Short baseline neutrino oscillations: When entanglement suppresses coherence

Abstract

For neutrino oscillations to take place the entangled quantum state of a neutrino and a charged lepton produced via charged current interactions must be disentangled. Implementing a nonperturbative Wigner-Weisskopf method we obtain the correct entangled quantum state of neutrinos and charged leptons from the (two-body) decay of a parent particle. The source lifetime and disentanglement length scale lead to a suppression of the oscillation probabilities in short-baseline experiments. The suppression is determined by $\ensuremath{\pi}{L}_{s}/{L}_{\mathrm{osc}}$ where ${L}_{s}$ is the smallest of the decay length of the parent particle or the disentanglement length scale. For ${L}_{s}\ensuremath{\ge}{L}_{\mathrm{osc}}$ coherence and oscillations are suppressed.
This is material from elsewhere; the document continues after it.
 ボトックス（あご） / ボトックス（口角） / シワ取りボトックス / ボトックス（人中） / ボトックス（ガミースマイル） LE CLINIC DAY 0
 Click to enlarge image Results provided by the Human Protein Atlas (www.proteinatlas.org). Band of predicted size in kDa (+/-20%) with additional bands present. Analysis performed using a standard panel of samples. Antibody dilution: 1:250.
These effects are more prominent in short base line experiments and at low neutrino energy. We obtain the corrections to the appearance and disappearance probabilities modified by both the lifetime of the source and the disentanglement scale and discuss their implications for accelerator and reactor experiments. These effects imply that fits to the experimental data based on the usual quantum mechanical formulation underestimate ${sin}^{2}(2\ensuremath{\theta})$ and $\ensuremath{\delta}{m}^{2}$, and are more dramatic for $\ensuremath{\delta}{m}^{2}\ensuremath{\simeq}{\mathrm{eV}}^{2}$, the mass range for new generations of sterile neutrinos that could explain the short-baseline anomalies and long disentanglement length scales.